Module 4 - Session 1.5: Transfer Learning

What is Transfer Learning?

Standing on the Shoulders of Giants

  • Start with a model pre-trained on a massive dataset (vs. random weights)
  • Goal: Apply learned visual features to a new problem

Two key approaches:

  1. Feature Extraction: Find patterns, train only the classifier
  2. Fine-Tuning: Adjust valid weights to fit specific task

The Power of ImageNet

The “University” for Computer Vision Models

Dataset Stats:

  • 14 Million+ Images and 1,000 Categories

Why it matters:

  • Models learn universal visual features (edges, textures, shapes)
  • These features transfer to your specific problem
  • Even transfers to different domains (e.g. medical imaging)

Why Use Transfer Learning?

  1. Less Data Required: You don’t need millions of images; hundreds or thousands can suffice.
  2. Faster Training: The model already knows how to “see”; it just needs to learn your specific classes.
  3. Better Performance: Starting with good weights usually leads to higher accuracy than starting from scratch.

PyTorch Implementation

Step 1: Load a Pre-trained Model

from torchvision import models

# Load ResNet18 with default (ImageNet) weights
model = models.resnet18(weights='DEFAULT')
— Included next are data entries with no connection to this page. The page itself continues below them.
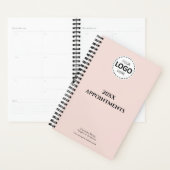 Aangepast jaar, Logo, Tekst, Blush Pink Afspraak Planner (Display)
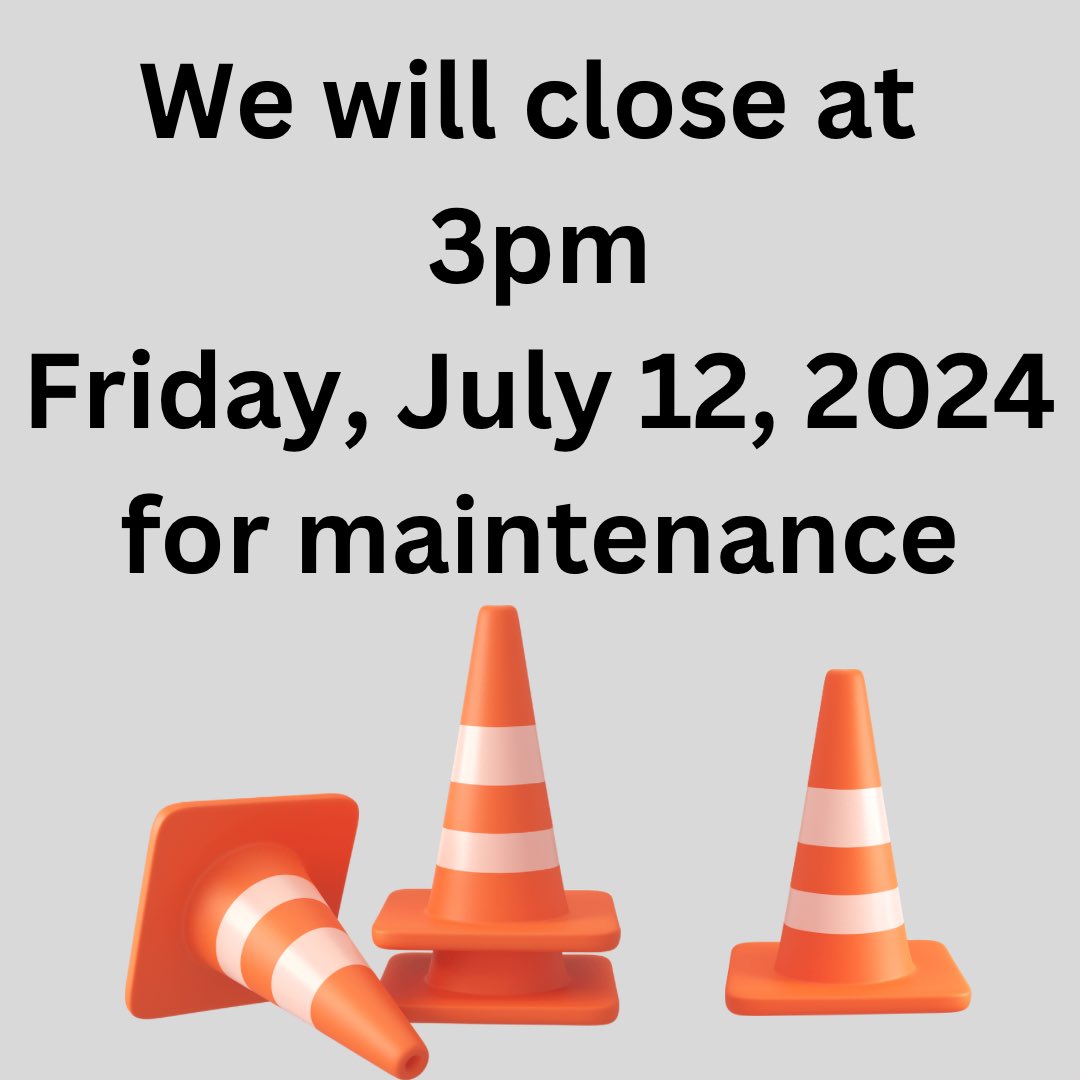 Summer is the perfect time to get big maintenance projects done at the library! We’re sorry for any inconvenience - but our floors will look so nice when we open at the normal time on Monday morning! 😊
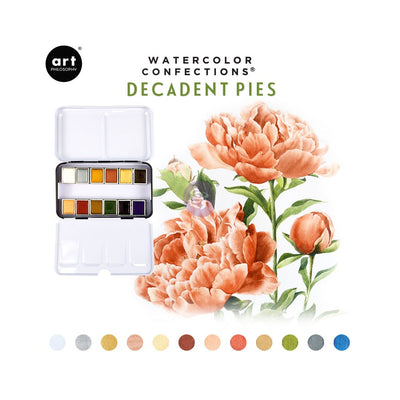 Watercolour Confections 12 Pan | Decadent Pies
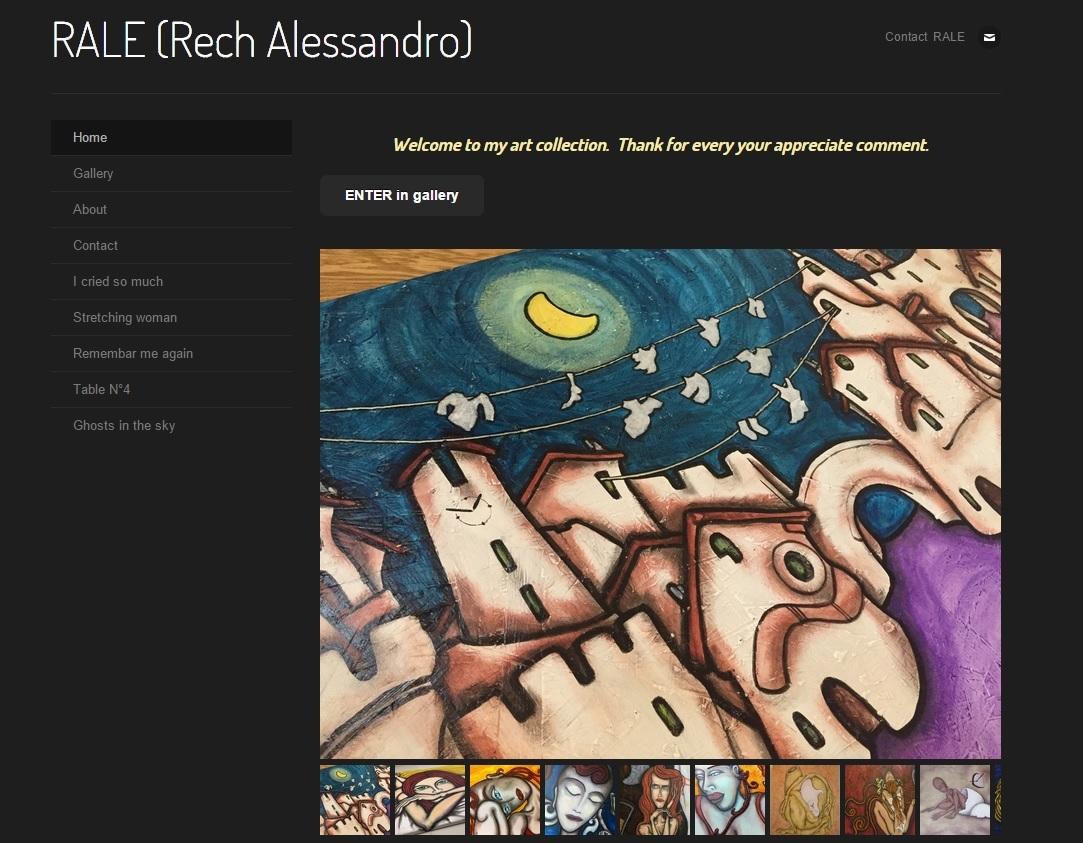 New personal web site: www.alerech.weebly.com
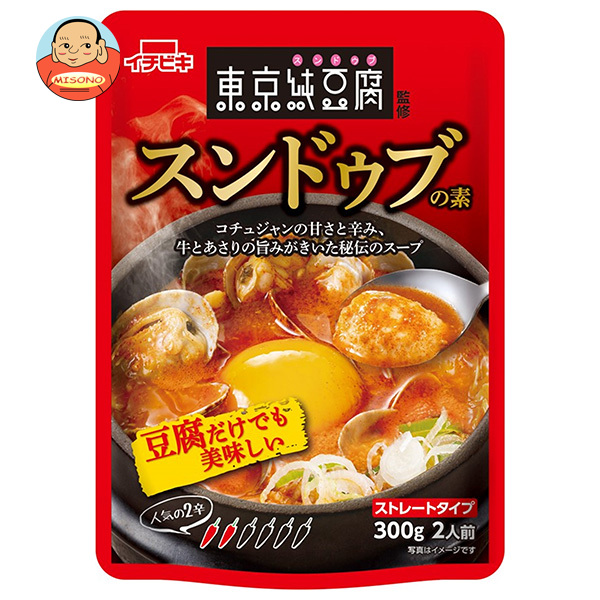 イチビキ 東京純豆腐監修 スンドゥブの素 300g×10袋入｜ 送料無料 調味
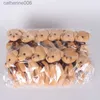 ぬいぐるみのぬいぐるみ12pcs/lot柔らかいぬいぐるみのぬいぐるみおもちゃミニテディベア人形おもちゃ小さなギフトパーティーウェディングキーチェーンバッグペンダントテディキーチェーンL231228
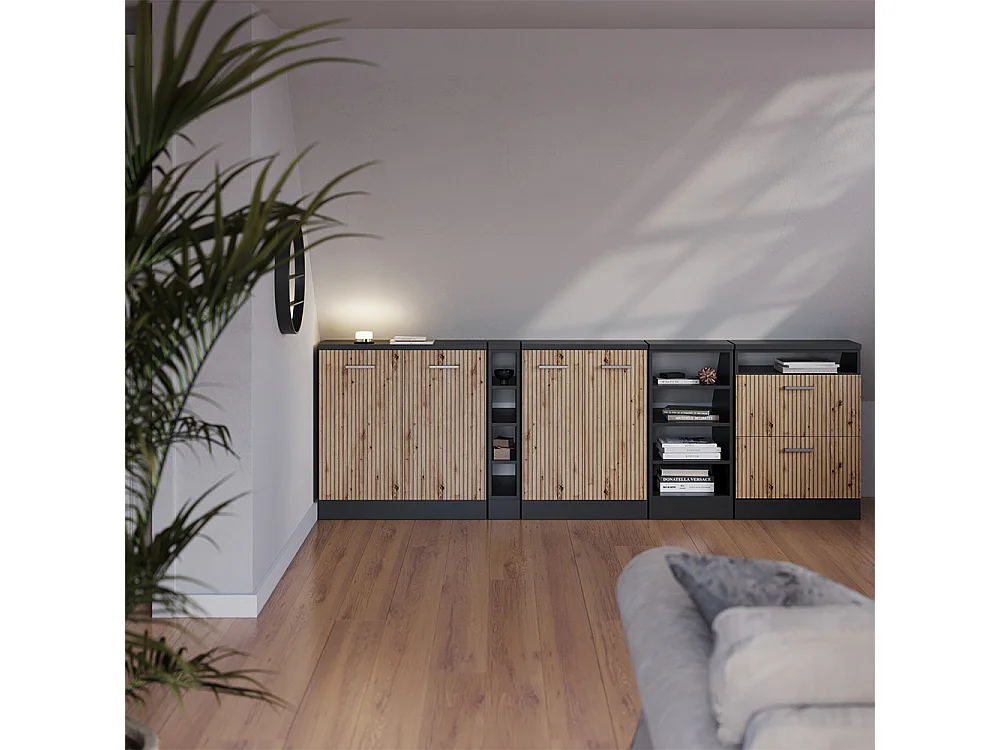 Dachschrägenschrank artisan-eiche 80x60x81.6 rion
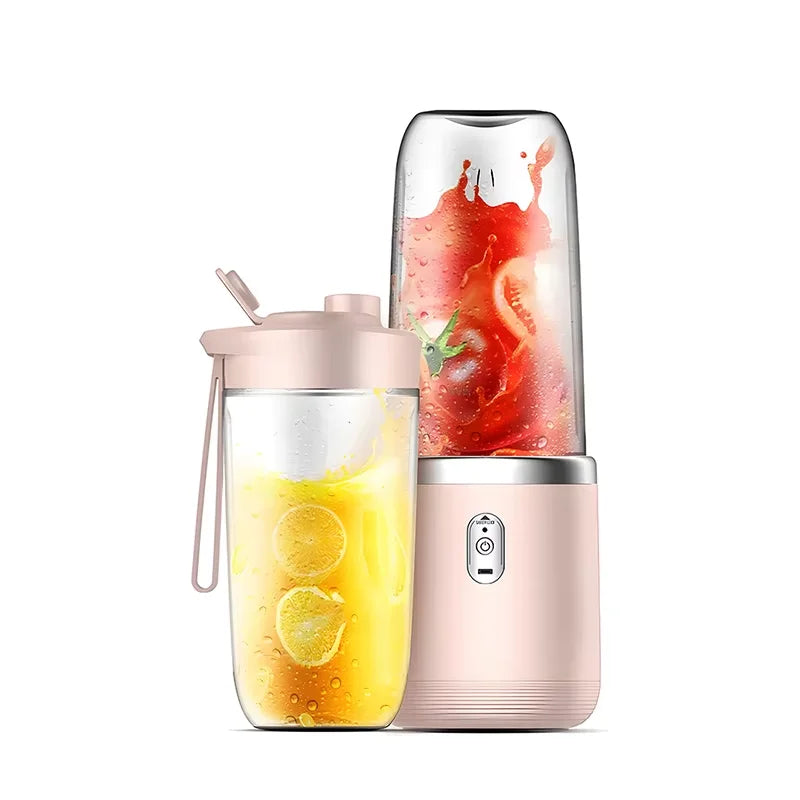 USB Rechargeable Portable Dual Cup Juicer Blender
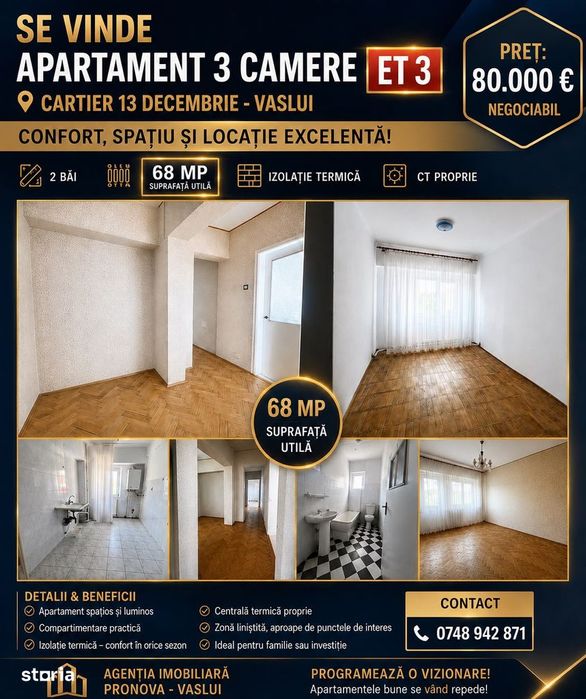 Apartament 3 camere - ET 3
Step 2: Freeze the Feature Extractor

# Prevent backprop through these layers
for param in model.parameters():
    param.requires_grad = False

PyTorch Implementation (Continued)

Step 3: Replace the “Head” (Output Layer)

The original ResNet output 1000 classes. We need it to output our number of classes (e.g., 2).

# Check input size of the final layer
num_ftrs = model.fc.in_features 

# Create a new linear layer for our specific problem
model.fc = nn.Linear(num_ftrs, 2) 

Now, only model.fc has requires_grad=True by default.

Summary

  • Don’t reinvent the wheel: Use pre-trained models.
  • ImageNet: The massive dataset that gives models their “vision”.
  • Workflow: Load Model \(\rightarrow\) Freeze Parameters \(\rightarrow\) Replace Head \(\rightarrow\) Train.